The scent as we wander through these islands is magnificent. The aroma of pine and spruce along with a hint of vanilla and wood smoke from campfires lingers and drifts through the air allowing me to reminisce about my days at camp in the woodsy hills of New Hampshire. That smell is truly the best in the world and so very calming.
Our first stop will be Medlum Bay. As we approach the Bay we call to find out how we check into Canada. You are not allowed to step onto land or anchor until your boat has been fully checked in. We learn we have to tie up to a wall, call from a phone in a closet, and we are good to go. Easy! We then cast off to anchor a few hundred yards out. A very nice and quiet bay.
We wake up the next morning to the sounds of… cows? So says Shawn but I say frogs. Since neither is visible it is a moot point.

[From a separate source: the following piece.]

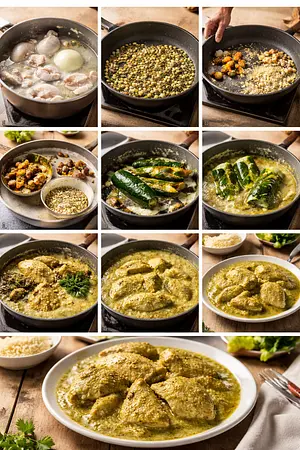 Mole verde tradicional - guia visual del proceso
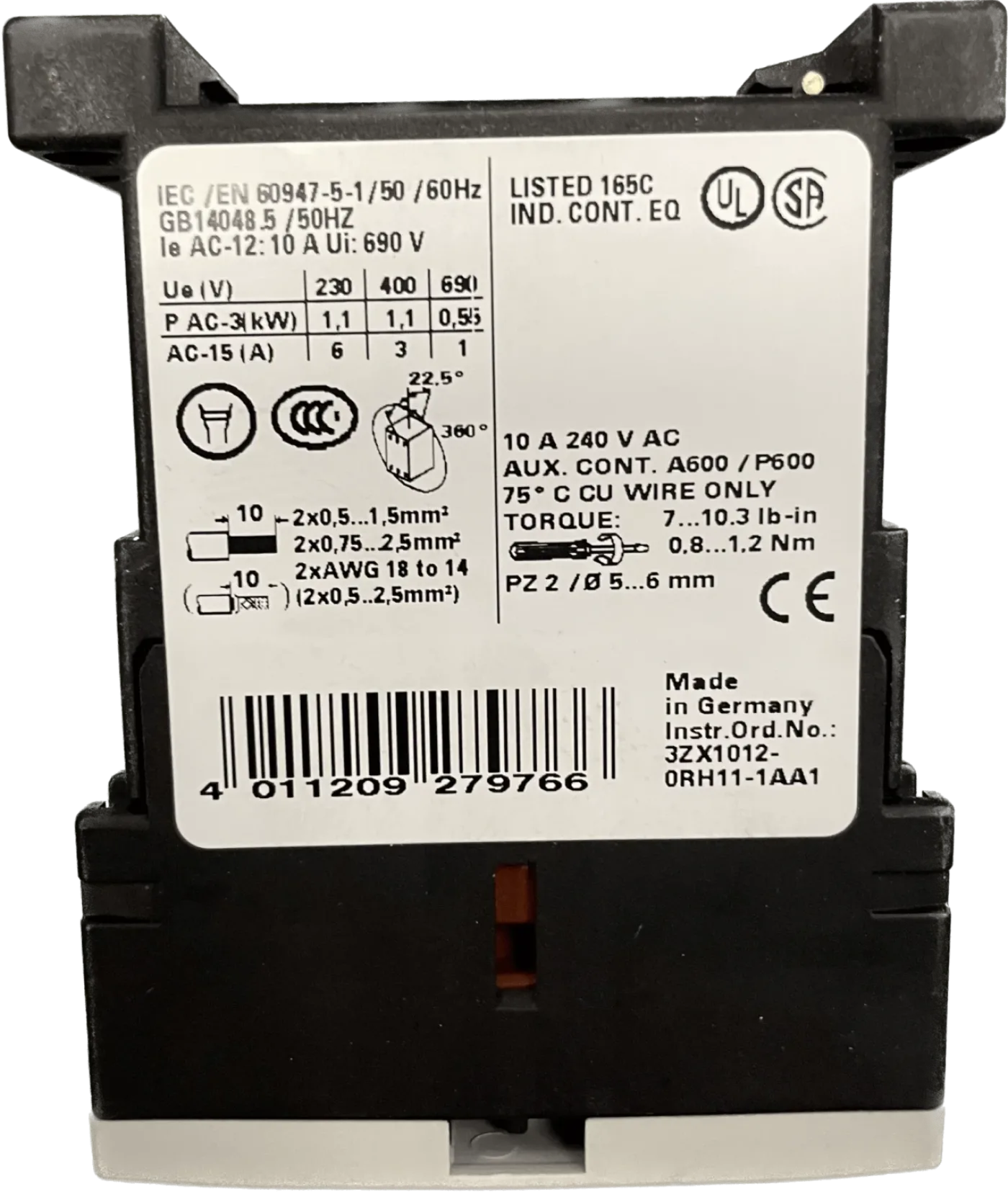 Siemens Hilfsschütz 3RH1140-1AP00 - 2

Shawn is always on the lookout for loons and swears he has seen several. But then he asks me what they look like. Hmmm…
The view early in the morning was so serene. We know we are going to like it here.
I cannot take credit for this photo. Shawn neglected to wake me up in time and he took this photo of Medlum Bay with his cell phone. Not a bad shot!
We make a few repairs and get ready to cast off. We are off to the Benjamins, the one place that everyone recommends as a must-see.